According to the panel of judges chairman, Jesús Aparicio, “[…] a sprawling museum that further enhances Madrid’s most iconic cityscape known as “la Cornisa”, tying in beautifully with the existing Royal Palace.” From an urban perspective, the project is based on two planning principles: on the one hand, the Royal Collection museum should be part of the natural-artificial landscape of Madrid’s western edge, and on the other hand, it is necessary to maintain the open, public nature of La Almudena Square and preserve the views of the gardens beneath the western lip of the city.
Royal Collections Museum in Madrid, Spain, by Mansilla + Tuñón Architects.
BigMat ’17 National Prize in Spain
Project title: Royal Collection Museum
Location: Madrid, Spain
Office: Mansilla + Tuñon Architects
Authors: Emilio Tuñon Álvarez, architect, Luis Moreno Mansilla, architect
Collaborators: Carlos Brage Tuñón (Architect), Alfonso Gómez Gaite (Structural Engineer), JG Asociados (Mechanical Engineer), Santiago Esteban Hernán (Quantity Surveyor), Luis Baena Núñez (Building Engineer)
Type of work: Public
Photographs: Luis Asín Lapique
In words of Paulo David (Portugal+Spain member of the panel of judges): “How to refine the search for an invisibility? by introducing a new body that affirms itself as a programmatic and material extension. By enabling a cross with the particularities of the royal palace. By relating different times and re-inscribing the accuracy of the historical adjustment. By sharpening the beauty of all times. By playing within the duality between the heavy and the light, the transparent and the opaque. By showing the dialog between nature and artifice, through a reduction of the environmental, individual and collective impact. By intervening with the full awareness that rigorous rationality is the path to maximum flexibility. The proposal becomes clearer when living in an “inhabited retaining wall”, seeking, in this logic, to relate to the palace.
The Museum, in its linear structure as an inhabited containment wall, seeks to reduce the objective (physical) and subjective (collective unconscious) environmental impact on the monumental plinth of the Royal Palace. The aim is to have a building that is invisible from La Almudena Square by occupying a buried space that does not yet to exist. The Royal Collection Museum contains the plinth of the Royal Palace, constructing a linear space that follows the lines of the Palace itself.
A simple, compact building, a construction that is aware that maximum flexibility and potential is only possible within a strict order, using the materials of the Royal Palace and its dignified construction as a feature, with a modern layout that is heavy yet light, opaque yet transparent. The three exhibition levels, equal yet different, hold three distinct collections: first: tapestries, second: paintings, sculptures and various items and third: carriages.
Each space is organized like a warehouse of 110×16 meters, flanked by the remains of the Arab wall to the east and a monumental lattice composed of massive granite pillars open to the west above the Campo del Moro Royal Gardens.
The views across the gardens are the space between the structures, just as the pillars are matter between voids.

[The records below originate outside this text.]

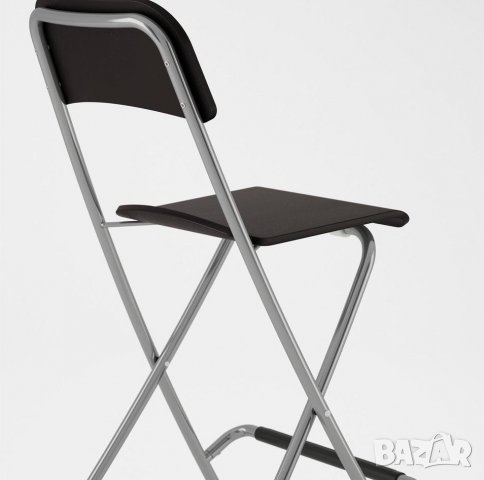Стилен Бар стол сгъваем хром/дърво НОВИ-Цена до изчепване, снимка 4 - Столове - 39597860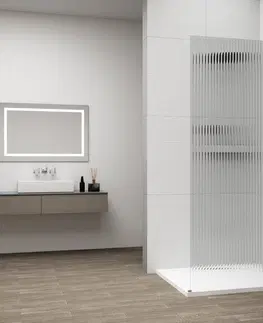 Sprchové zástěny POLYSAN ESCA CHROME jednodílná sprchová zástěna k instalaci ke stěně, sklo Flute, 800  ES1380-01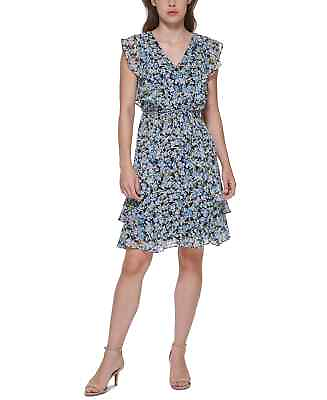 #ad TOMMY HILFIGER Fit amp; Flare Dress Chiffon Blue Floral Ruffled Sleeves Size 8 NWT $33.74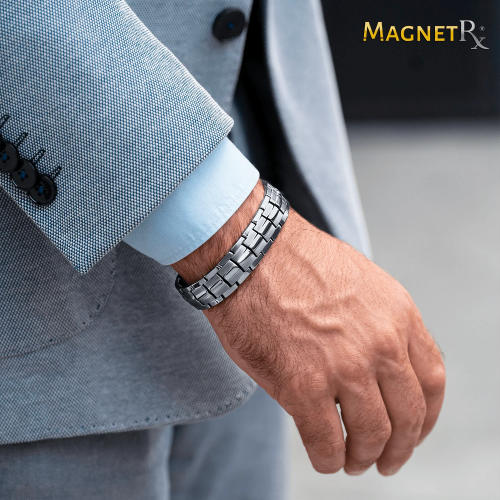 MagnetRX Ultra Strength Magnetic Therapy Bracelet Silver Classic — Silver detail
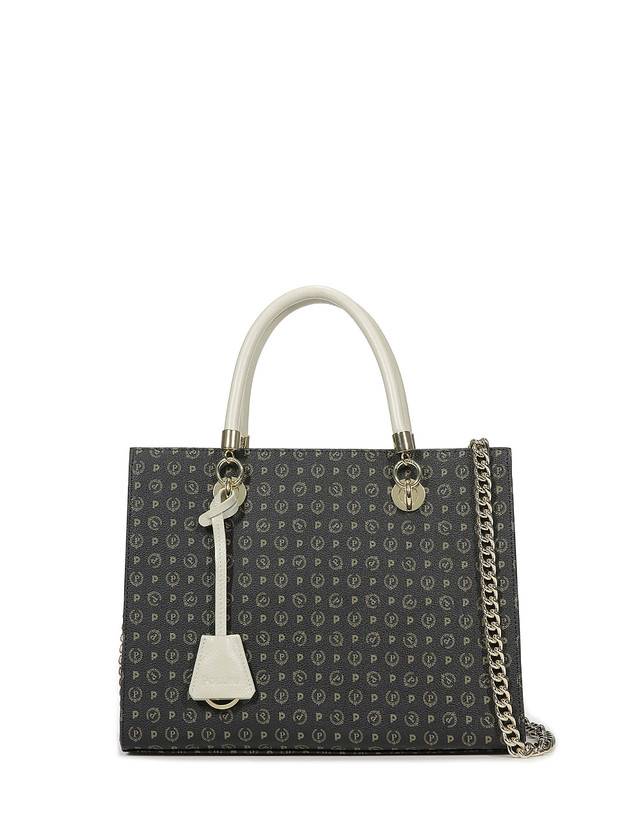 Pollini Shopping Bag Heritage Logo Classic Nero/avorio Promozione Limitata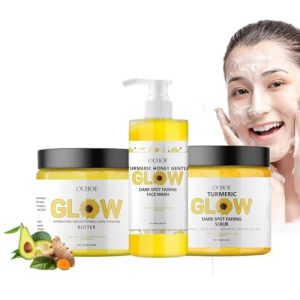 Turmeric Glow Skincare Set: Face Wash, Scrub, Moisturizer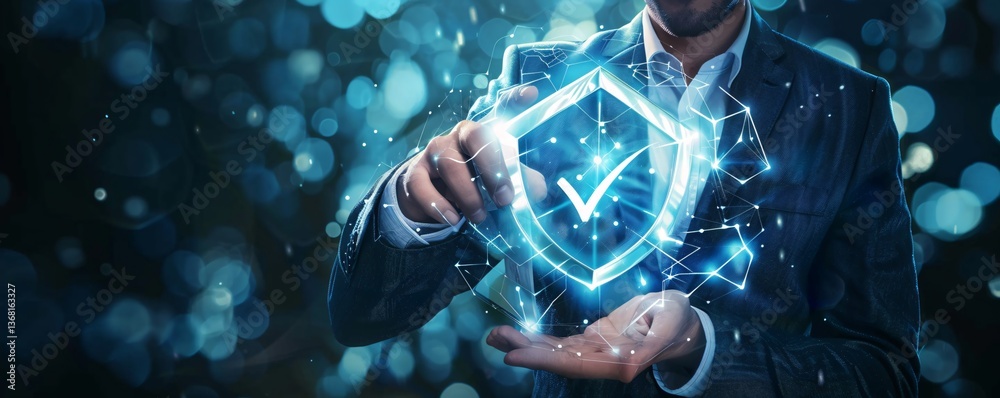 Poster Businessman holding a secure shield with check mark representing cybersecurity and data protection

The space is the rhythm of the beams, and the installations are the interface between what holds the building up. Structure, lighting, views, space, and infrastructure all have blurred edges and exchanged attributes.
The Royal Collections Museum is a plinth for the Palace from the outside; a frame for views of the gardens and the interior features. The most important part already exists; our job is to make it visible.